Once the final agreement is signed, we will work with Mayor Adams and his team to set up a Humanitarian Emergency Relief and Response Center at Floyd Bennett Field with the capacity to shelter more than 2,000 asylum seekers. We are grateful to President Biden for his support of this initiative and committed to continuing our advocacy on behalf of the people of New York,” the governor added.

There had been rumors that a shelter for migrants was coming to Floyd Bennett Field for months. 

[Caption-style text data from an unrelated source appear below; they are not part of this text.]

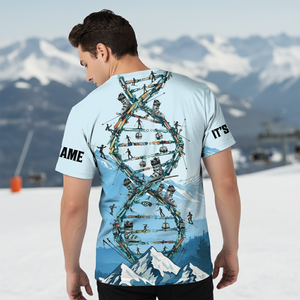Custom Name Skiing It's In My DNA Snow-Capped Mountain All Over Print Shirt
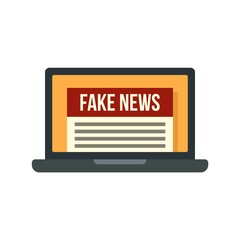 Poster - Laptop fake news icon flat isolated vector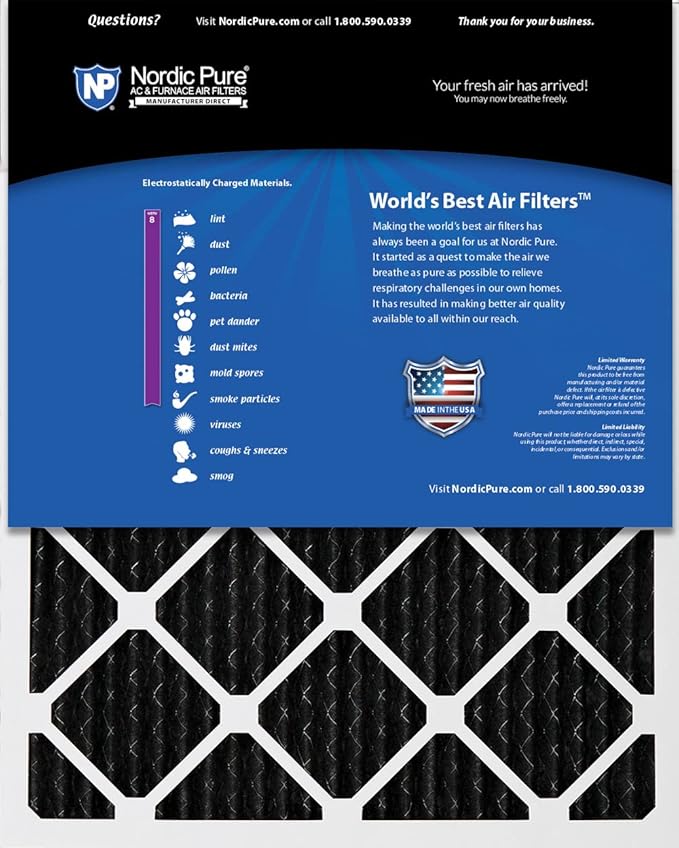 Nordic Pure 24x30x1 (Actual Size: 23 1/2 x 29 1/2 x 3/4) Pure Carbon Pleated Odor Reduction Furnace Air Filters 4 Pack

It was unclear exactly where the asylum seekers would be housed. While some historic hangars have been restored (notably, several that now contain the heavily-used Aviator Sports Center), others are still underused and deteriorating. The former 1930s-era airline terminal building is now Floyd Bennett’s administration building and contains a small exhibit about the former airfield’s history.

Mayor Adams said, approvingly, “For months, Governor Hochul and I have been urging the federal government to allow us to use Floyd Bennett Field to help house some of the more than 100,000 asylum seekers who have sought our care here in New York City, and I’m grateful that we have a tentative agreement to move forward on this site. I thank Governor Hochul for her commitment to pay for this site, and I’m looking forward to more of this kind of partnership with our friends in Albany as we manage this ongoing crisis.”

NYC Public Advocate Jumaane Williams added, in part:

“I am glad to see the governor commit this location and funding to provide shelter for the ever-increasing number of new and aspiring New Yorkers arriving in our city. The site is not ideal, but we continue to be left to choose the best of bad options, and I will work to ensure that shelters meet the necessary standards, including security precautions, resource ability, and transportation access to and from the site for migrants and community organizations alike.”

Since the mid-1970s, shortly after the Navy deactivated it as a military base, Floyd Bennett Field has been administered by the National Parks Service and is considered part of Gateway National Park. 

By all accounts, it didn’t succeed as a commercial airport in the 1930s because of its distance from Manhattan, in particular the Manhattan General Post Office. The Belt Parkway hadn’t been constructed yet and Flatbush Avenue was still a two-lane road.

Even today, the only way to reach Floyd Bennett by public transportation is the Q-35 bus, which riders catch either at the “junction” of Flatbush and Nostrand Avenues in Brooklyn or in Rockaway, Queens.

According to WABC, the proposed lease for Floyd Bennett Field has been sent to the state, but has not been signed yet.